Pascalinah Kabi
PRIME Minister Thomas Thabane’s government is unhappy with Cyril Ramaphosa continuing his role as the Southern African Development Community (SADC)’s facilitator to Lesotho. It wants him replaced forthwith, the Lesotho Times has established.
The government’s position on Mr Ramaphosa, who is also South Africa’s Deputy President and currently enmeshed in a spirited battle to replace Jacob Zuma as that country’s president, is contained in a confidential SADC report, obtained by this newspaper this week.
While the Thabane coalition is not happy with Mr Ramaphosa, the report reveals that opposition parties are in favour of retaining him as facilitator.

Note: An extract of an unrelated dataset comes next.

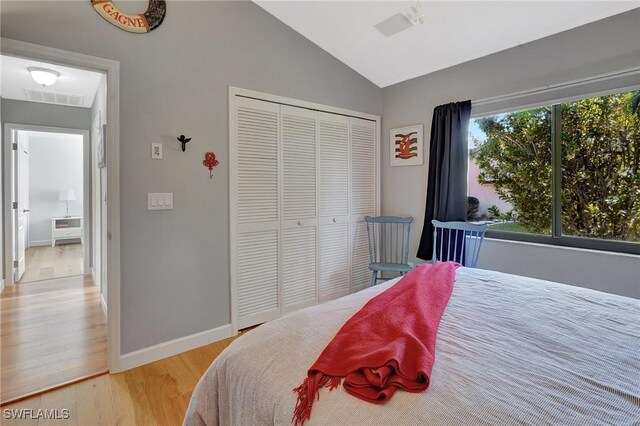 bedroom featuring light hardwood / wood-style floors, vaulted ceiling, and a closet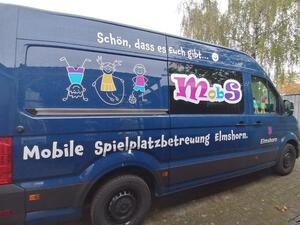 Ein blauer Transporter mit buntem Logo und skizzierten spielenden Kindern.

“There have also been divergent views regarding the continued role of the Facilitator in that the government expressed the need to find a replacement while the opposition is in favour of retaining the current Facilitator but to be assisted by a mediator preferably a Basotho national,” reads part of the document titled ‘Draft Integrated Mission Plan for the Deployment of the Contingent Mission to the Kingdom of Lesotho’.
And while the report does not elaborate on the reasons for the government’s position, sources have claimed that the governing parties believe Mr Ramaphosa has previously sided with the parties now in opposition by allegedly overlooking serious security threats posed by the army in the past.
Mr Ramaphosa was appointed to facilitate the restoration of peace and stability in Lesotho after the August 30 2014 attempted coup against the then government of Dr Thabane.
During that event, the Lesotho Defence Force stormed various police stations and seized arms they claimed were to be used against civilians at a Lesotho Congress for Democracy (LCD) rally that same weekend.
The raids claimed the life of Police Sub-inspector Mokheseng Ramahloko. Former LDF commander, Lieutenant General Tlali Kamoli, is in court over the killing.
Mr Ramaphosa also facilitated the Maseru Security Accord in 2014 which led to external deployments of Lt-Gen Kamoli, his then successor Maaparankoe Mahao and former Police Commissioner Khothatso Tṧoana pending the holding of the February 2015 snap elections. The move was aimed at fostering the restoration of cordial relations between the army and the police.
Lt-Gen Mahao was assassinated shortly after those elections. The All Basotho Convention (ABC) and Basotho National Party (BNP), who had been booted out of power, complained that the killing was a result of Mr Ramaphosa failing to address serious security concerns in the country. The leaders of the two parties had by then already fled into exile fearing for their lives.